2. A back scratch. You don't need long nails for this. This may sound silly, but when I can't sleep at night because too much is going on in my head, I scratch my husband's back -- it relaxes me. And FYI, some men really like to have their backs scratched.
3. A dance for two. When was the last time you slow-danced with your spouse? Was it Uncle Bob's 50th birthday bash, or your best friend's wedding? Do you remember how nice that was to take a few minutes to hold him or her close and just feel each other and the music? When you get the chance, try the power of touch through the art of dance. Hint: It doesn't matter how great a dancer you are when there are only two of you in the room!
Work Your Body
Regular exercise is not only good for the huffing-and-puffing aerobic aspect of sex, but it also helps you feel better about your body. Even without any change in weight, the simple act of getting regular exercise helps overweight or obese people feel better about their bodies, according to research I've seen over the years. Weston agrees that if we feel better about our bodies -- as well as stronger and more energetic -- we're more likely to want to get close to someone sexually.
But now we have more scientific proof that exercise is a powerful libido-booster.
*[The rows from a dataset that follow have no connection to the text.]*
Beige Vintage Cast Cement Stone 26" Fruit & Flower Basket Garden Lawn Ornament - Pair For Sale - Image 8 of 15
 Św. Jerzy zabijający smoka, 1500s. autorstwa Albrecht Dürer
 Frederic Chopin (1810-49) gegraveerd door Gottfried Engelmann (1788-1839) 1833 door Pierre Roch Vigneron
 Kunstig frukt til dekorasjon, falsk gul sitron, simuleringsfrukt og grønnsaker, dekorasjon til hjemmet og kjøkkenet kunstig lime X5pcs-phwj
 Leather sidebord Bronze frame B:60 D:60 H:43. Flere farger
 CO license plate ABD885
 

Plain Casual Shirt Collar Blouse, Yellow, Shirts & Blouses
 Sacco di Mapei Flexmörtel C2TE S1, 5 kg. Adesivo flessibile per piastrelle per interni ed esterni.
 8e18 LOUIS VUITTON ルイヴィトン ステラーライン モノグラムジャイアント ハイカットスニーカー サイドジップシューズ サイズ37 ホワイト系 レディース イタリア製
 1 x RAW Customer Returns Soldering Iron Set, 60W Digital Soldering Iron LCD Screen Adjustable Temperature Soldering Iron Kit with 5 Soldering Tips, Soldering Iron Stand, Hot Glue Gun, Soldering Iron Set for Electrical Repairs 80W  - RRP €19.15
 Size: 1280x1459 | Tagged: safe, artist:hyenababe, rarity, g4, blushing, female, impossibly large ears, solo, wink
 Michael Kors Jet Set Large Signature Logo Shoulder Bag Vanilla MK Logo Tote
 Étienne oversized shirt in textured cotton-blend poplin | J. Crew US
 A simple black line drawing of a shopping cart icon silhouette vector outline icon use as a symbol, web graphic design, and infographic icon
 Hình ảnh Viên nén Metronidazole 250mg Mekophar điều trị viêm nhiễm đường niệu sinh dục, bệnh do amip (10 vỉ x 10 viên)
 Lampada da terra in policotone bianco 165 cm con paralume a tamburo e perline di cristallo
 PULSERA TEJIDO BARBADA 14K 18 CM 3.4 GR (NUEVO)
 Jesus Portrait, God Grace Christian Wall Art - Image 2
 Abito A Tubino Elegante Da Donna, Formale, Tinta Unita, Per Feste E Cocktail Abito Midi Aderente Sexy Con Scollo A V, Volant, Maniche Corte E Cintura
Results from a recent five-year study of menopausal women show that exercise can fight the decreasing sex drive often seen in midlife women.
"Sexual satisfaction appears to increase with increasing frequency of exercise," explains Judith Gerber, PhD, a researcher with the University of Vermont, Burlington.
In fact, exercise was the only one of the various factors the researchers measured (including financial and career satisfaction, testosterone levels, etc.) that was linked to sexual function. They found the connection between exercise and sexual satisfaction at the beginning and the end of the five-year study.